Yogyakarta, persis.or.id - Secara virtual, Himpunan Mahasiswa Pascasarjana Persatuan Islam (HMPP) D.I. Yogyakarta kembali mengadakan diskusi bulanan bedah tesis, Jumat (20/8/21).
Tesis yang dibedah pada kesempatan itu adalah karya dari Hasena Rahma Nur Azizah, dengan judul "Impeachment Presiden dan Wakil Presiden (Tinjauan Hukum Islam)", yang telah dipertahankan pada program magister Ilmu Hukum UIN Sunan Kalijaga Yogyakarta.

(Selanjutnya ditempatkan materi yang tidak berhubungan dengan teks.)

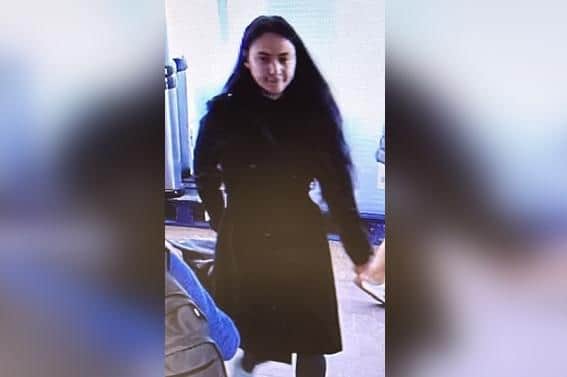 CCTV image of a woman police would like to speak to, following a shop theft in Filey.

Hadir dalam diskusi sebagai keynote speech Atip Latifulhayat, Ph.D. Guru Besar Fakultas Hukum Universitas Padjajaran dan Alumni PPI 109 Kujang. Sebagai pembanding, hadir pula Tanto Lailam, mahasiswa S3 Universitas Zu Koln Jerman dan Ketua Majelis Hukum PCIM Jerman Raya. Acara tersebut dimoderatori oleh Imam Sopyan Abbas, alumnus program CSCR pascasarjana UGM, juga alumni PPI 87 Pangatikan Garut.
Terkait tesis, Prof. Atip menyampaikan bahwa munculnya impeachment presiden dan wakil presiden dalam kacamata hukum adalah sebagai upaya antisasipasi dalam abuse of power.

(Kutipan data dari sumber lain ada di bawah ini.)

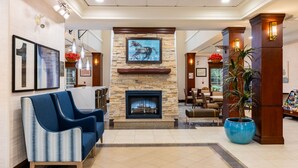 A lobby with a stone fireplace, blue sofas, a large potted plant, and framed artwork on the walls.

Hasena dalam presentasinya menyampaikan legal standing impeachment presiden dan wakil presiden di Indonesia, dan narasi bagaimana proses terjadinya impeachment pernah terjadi di Indonesia. Namun, yang menjadi konsen kajiannya adalah apakah di dalam hukum Islam impeachment dibenarkan atau tidak, dan pelajaran apa yang bisa diambil dari hukum Islam tersebut untuk memperbaiki mekanisme impeachment di Indonesia.

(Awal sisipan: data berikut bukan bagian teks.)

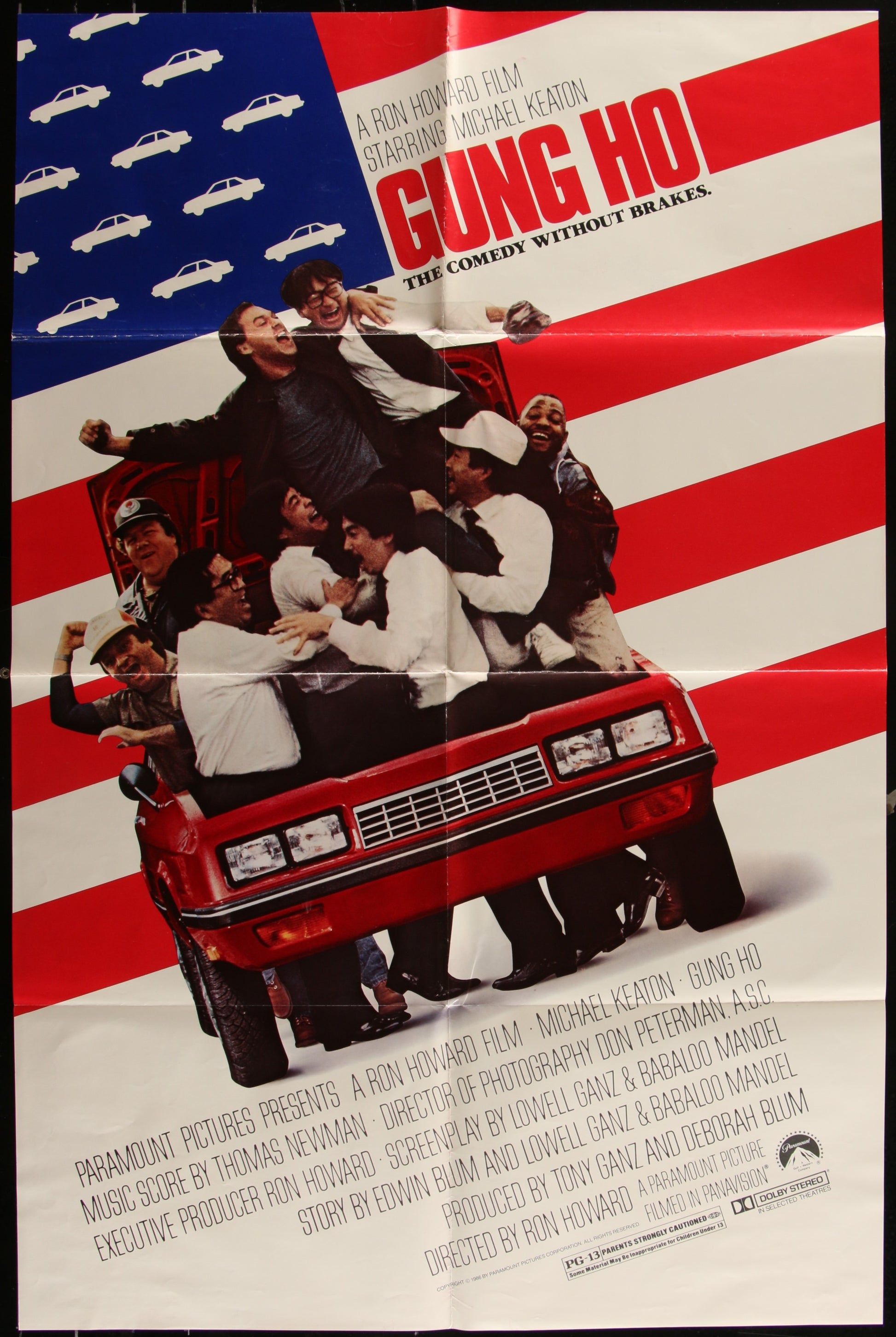 Vintage movie poster for 'Gung Ho' featuring a group of people on a red car with a background of an American flag.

“Jadi, dalam Islam itu ada yang berpendapat boleh seperti Imam Almawardi; dan juga ada yang tidak, di antaranya Ibnu Taimiah dan Imam Al-Ghazali.” Ujar alumni PPI 109 Kujang Ciamis dan S1 Ilmu Hukum Universitas Islam Indonesia (UII) tersebut.
Hasena menambahkan, bahwa bejalar dari tradisi hukum Islam di Indonesia perlu adanya penguatan terhadap Mahkamah Konstitusi dan juga kejelasan kewenangan MPR dalam proses impeachment tersebut. “Jadi, hukum harus dikedepankan, jangan proses politiknya yang dominan,” jelasnya.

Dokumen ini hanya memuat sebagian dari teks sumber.